Tuesday, April 21, 2015

Artist Study on Wassily Kandinsky

 Hi Everyone!

I am sharing my homework with you today.  For way to many hours, I have been struggling with formatting a word document.  It's just not my gift :-) and I am happy to own that.  I decided to blog about my homework because the format is so much easier for me to use and well way more beautiful to look at.

As I have mentioned recently, Melanie and I have been doing a Montessori course in the Arts for the last six weeks.  Our final big assignment was to put together a unit on an Artist for our children to learn about.  My artist study is on Wassily Kandinsky.  I will post about Melanie's tomorrow!

To start things off with the children I always love to read books about or based on the artist.  The Noisy Paint Box takes care of that beautifully.  The story is about Vasya Kandinsky a Russian boy learning about all things academic except his one true love,  art.  One day his aunt gives him a small paint box and so the adventure and the story begin for Vasya!    It is a beautifully written and illustrated book by Barb Rosenstock.

 I also have a large art book on display about Kandinsky for the children to sit and look through.  I have done this with several children in our classroom and they have enjoyed it immensely.  It is a very lovely thing to sit with a child and have their complete attention.  It is equally lovely to hear what they have to say about what they see and imagine they see.

Another addition to our artist study were these three part art cards on Wassily Kandinsky that I made for the children to take out and match.  This work was well received in the classroom and  enjoyed by many children.  I found the art cards at Montessori Printshop .  It is a very small investment for such important work.  I really appreciate that I can buy a PDF  to print and make new cards when these ones get tired.  There is also a a wonderful tutorial here on how to make the pouch that holds the cards.  I did make a pouch from the tutorial and it works well enough but,  I will likely make a new one out of fabric when this one need replacing.  I think fabric will hold up much better be inviting to touch.

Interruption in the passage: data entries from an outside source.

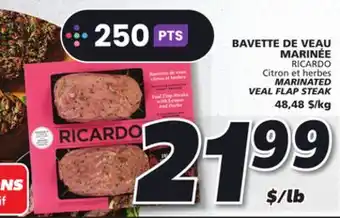 IGA Marinated veal flap steak offer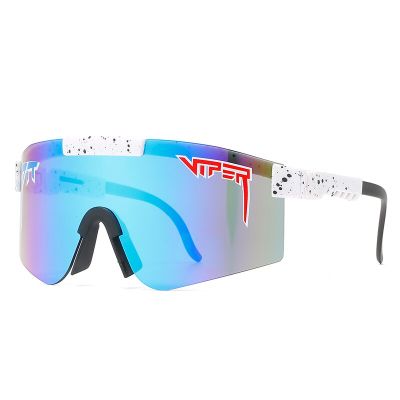 ：“{—— Men And Women Colorful Reflective Sunglasses Outdoor Cycling Mountain Bike Sports Large Frame Glasses Uv400 2023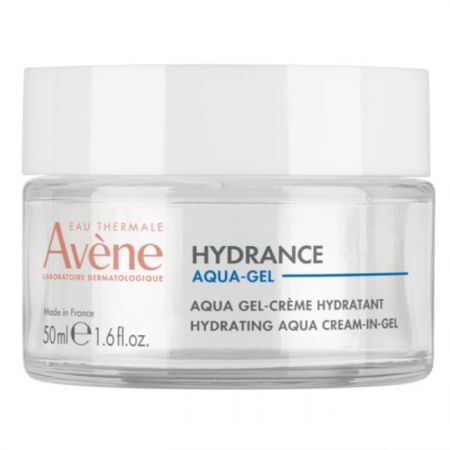 Avene Hydrance Aqua Gel, nawilżający krem-żel do twarzy, skóra wrażliwa i odwodniona, 50ml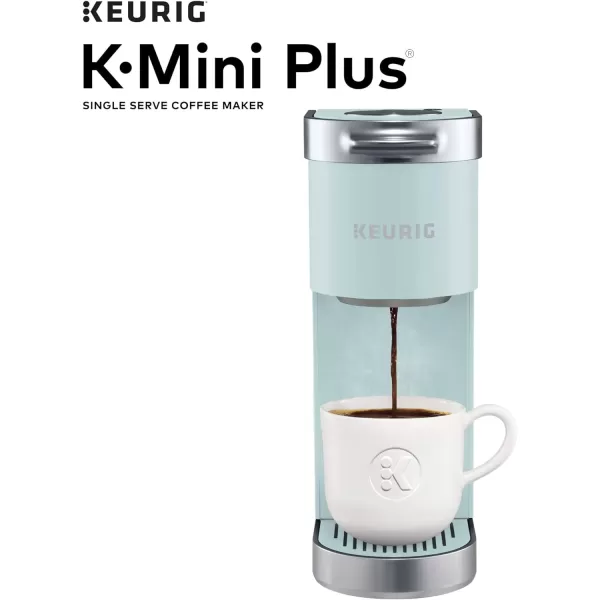 Keurig KMini Plus Single Serve KCup Pod Coffee Maker BlackMisty Green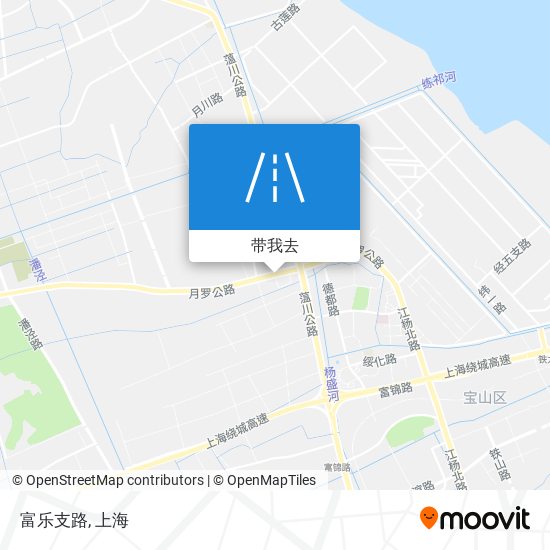 富乐支路地图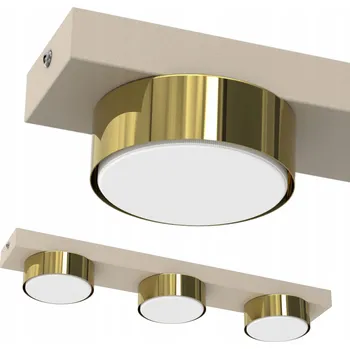 STROPNÍ SVÍTIDLO STROPNÍ SVÍTIDLO LED LOFT GX53 KAŠMÍR ZLATÁ POLSKÁ OZDOBNÁ LAMPA 3 žárovky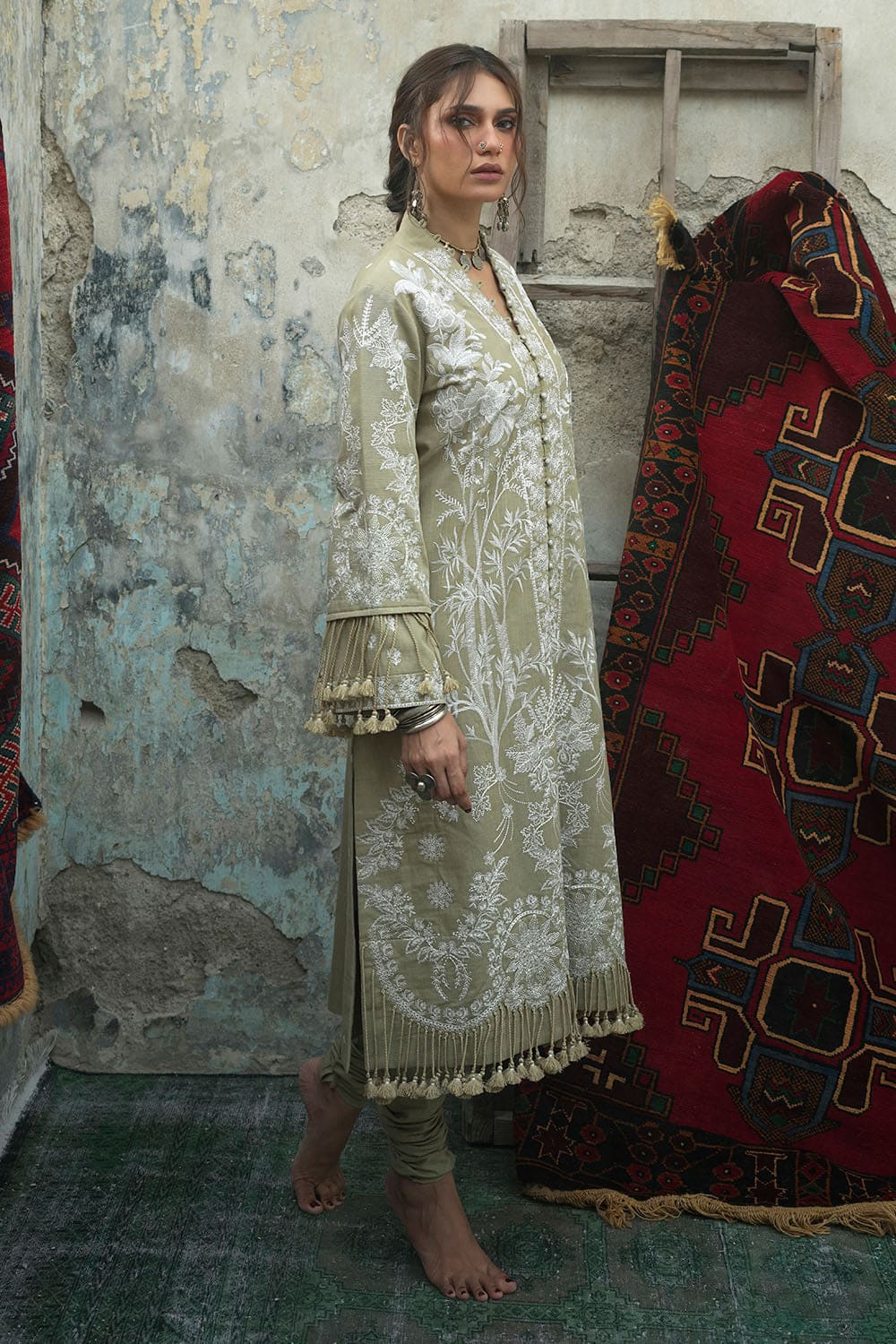 Gul Ahmed Winter 2026 - 2 Piece Embroidered Khaddar Suit– Embroidered-Khaddar-Shirt-Dyed-Trouser-Gulahm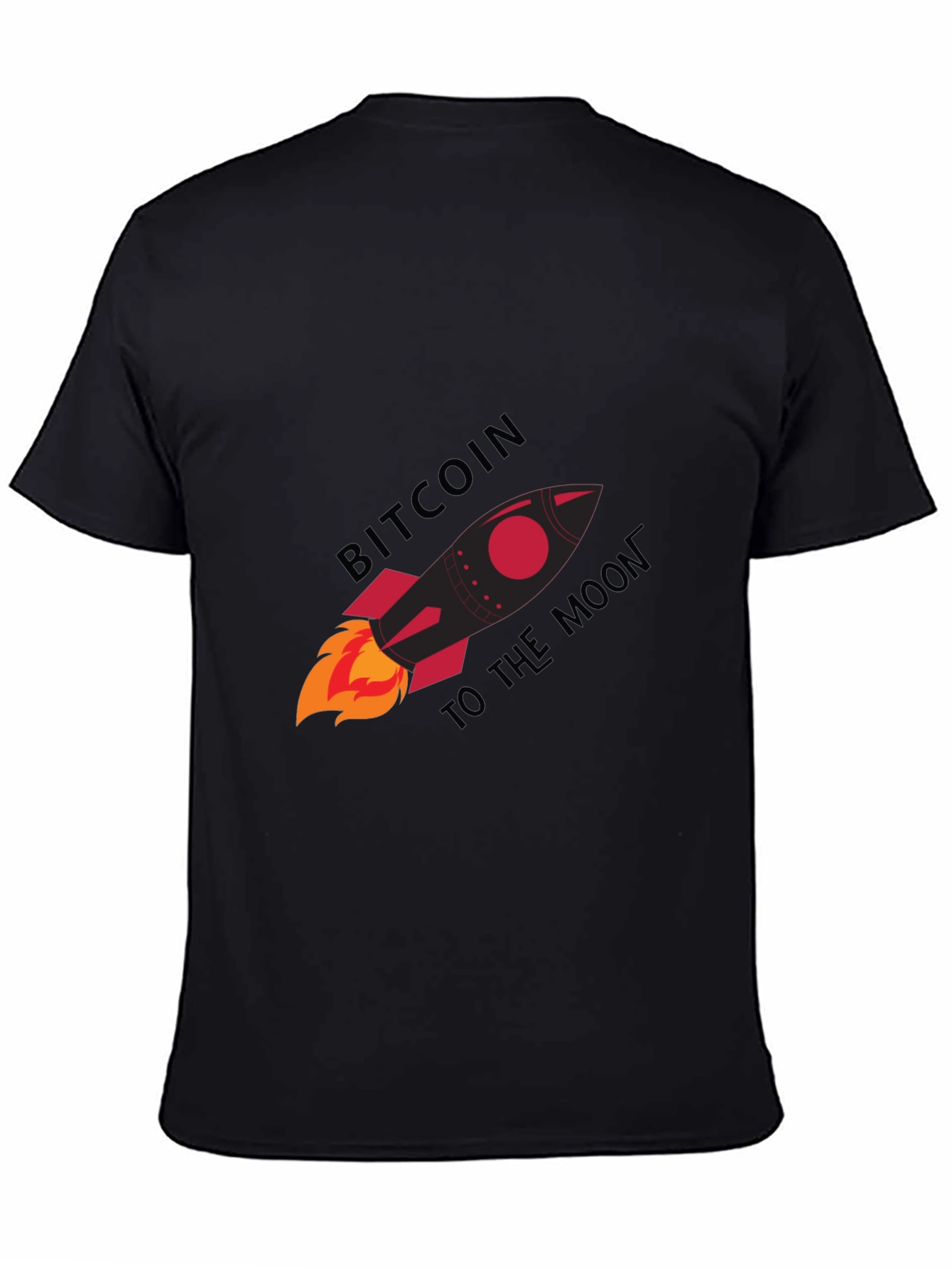 Bitcoin to the Moon Graphic Tee - Black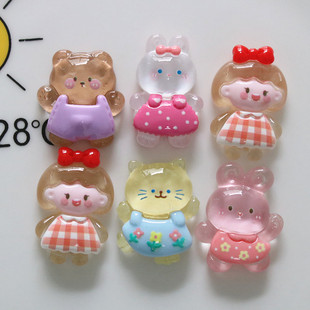 resin diy accessories mobile phone case diy accessories hair accessories handmade material resin accessories wholesale transparent rabbit north 15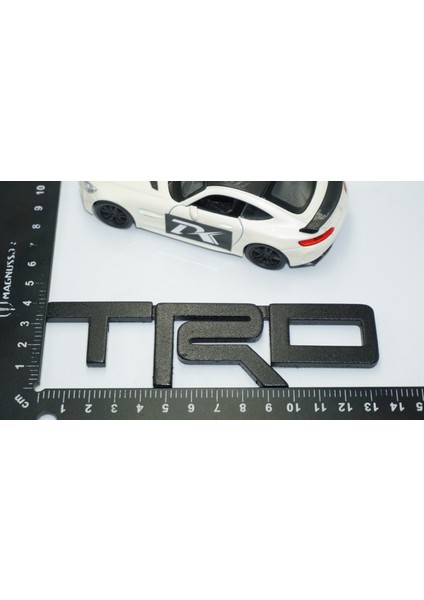 Trd Bagaj Siyah Abs 3m 3D Logo Amblem Toyota Ile Uyumlu modelleri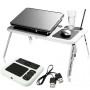 Складаний столик для ноутбука LD-09 E-Table, столик з охолодженням 2 USB кулера, Стіл підставка з вентиляцією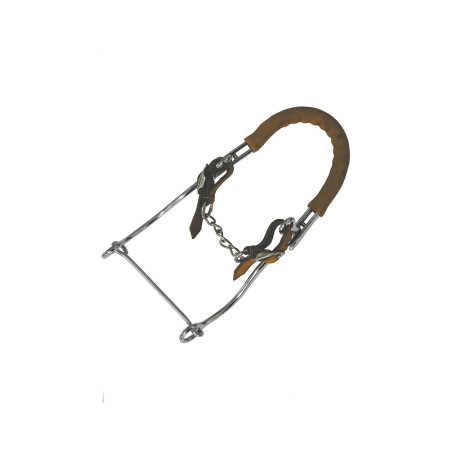 Hackamore cromado con ramas largas Umbria Equitazione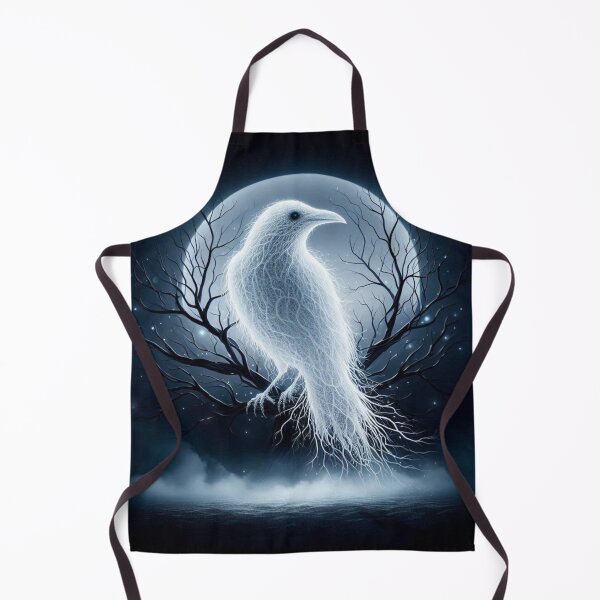 Item preview, Hologram of a white raven in a gloomy, misty forest designed and sold by mrf2thed.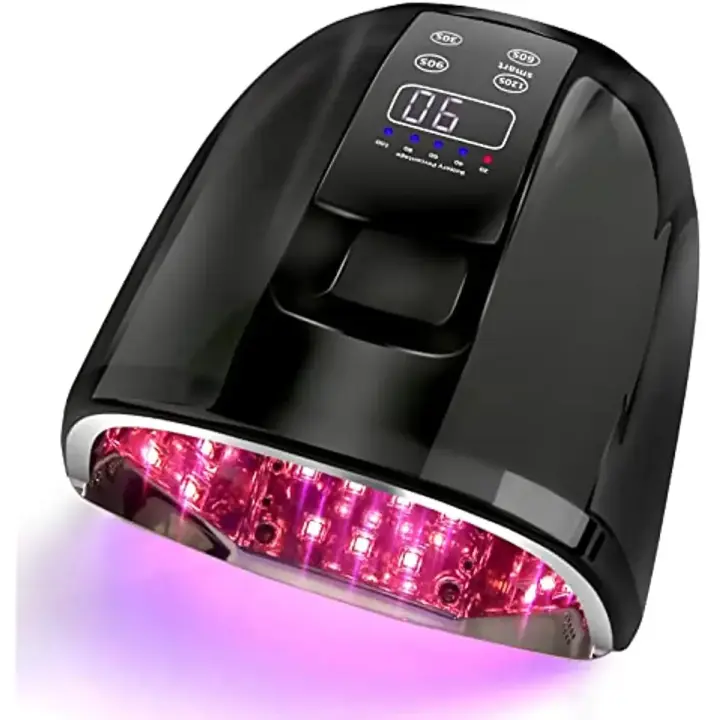 Lámpara De Uñas LED Recargable De 90W Con Espejo Y Cable Inalámbrico Para Manicura Y Acrílico Máquina De Lámpara UV LED - 1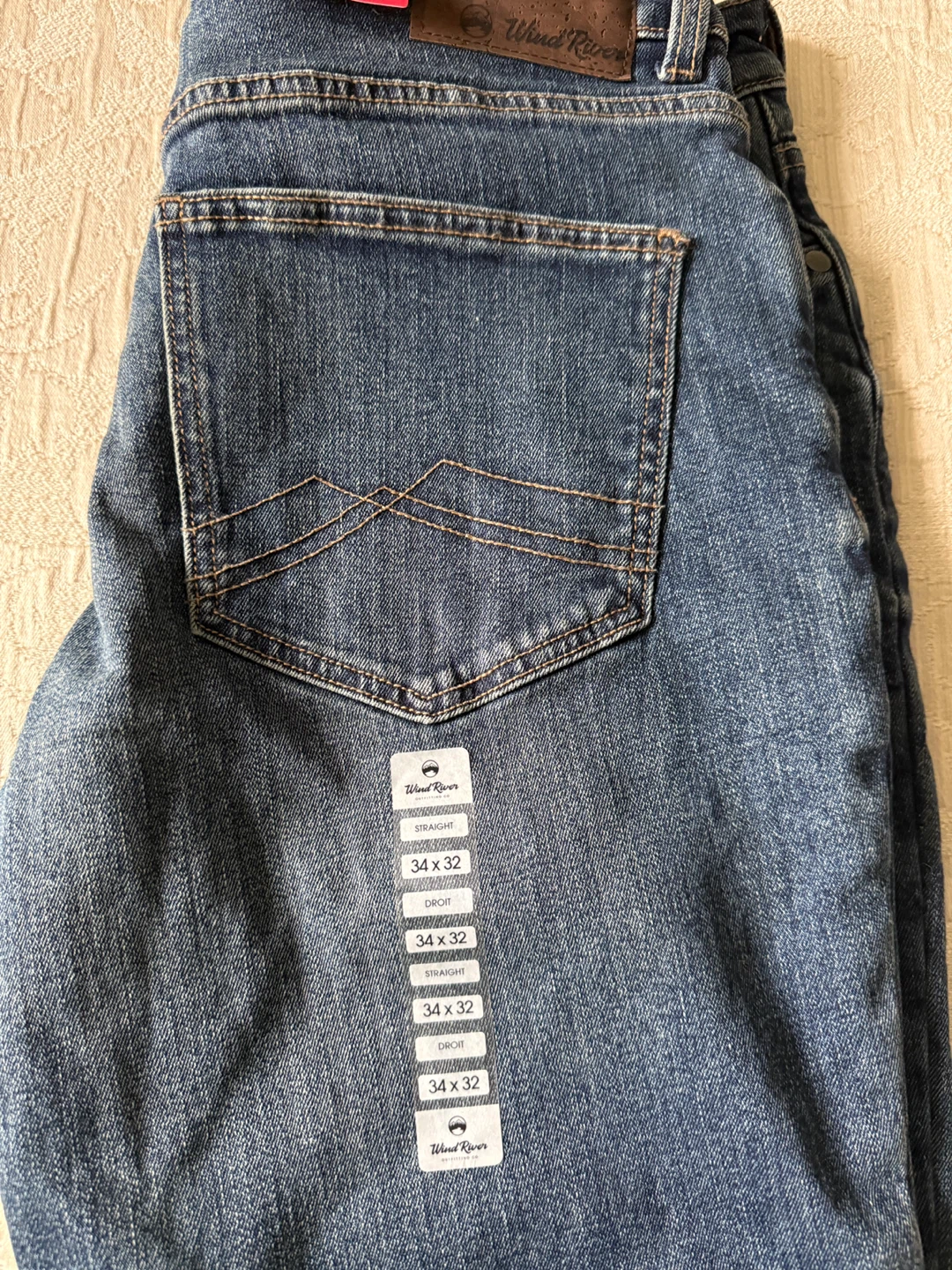 NWT Wind River Straight Fit T-Max Jeans - Size 34x32 - photo 3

Another new piece of work I made to complement the artist cards, was a version of Concentric circles out of felt for the shelf.   The children can take the basket out and make their own version with the felt pieces in the basket.  I must confess, I love making new things for the classroom.  It is one of my most favourite things to do.  This particular piece of work is designed for every child.  You don't have to have a good pincer grip to master this piece of work.
 I also made this lotto art game.  The children match the master pieces to the control master piece already fixed on the work mat.  I had all of this laminated so it would hold up and I glued CD pouches on the back of the work mat to hold the lose art cards for matching.  This would be a great thing to make in different version based on other artists.


 Next, we took the ideas of Wassily Kandinsky and implemented them through our own art projects. I love the way Kandinsky uses vibrant colour.  I also really love his Concentric Circles so we used various circular things to make our own Concentric Circles.  I set out paint and small plungers, glasses, carrots cut in half for stamping and potatoes.  We also used some bingo daubers for really small circles.  I also varied the types of paint we used.  I wanted the picture to reflect both shiny and dull paint so the pictures would have some depth. The results are stunning not to mention the fact that the children absolutely LOVED Stamping.  This art project was a big thumbs up!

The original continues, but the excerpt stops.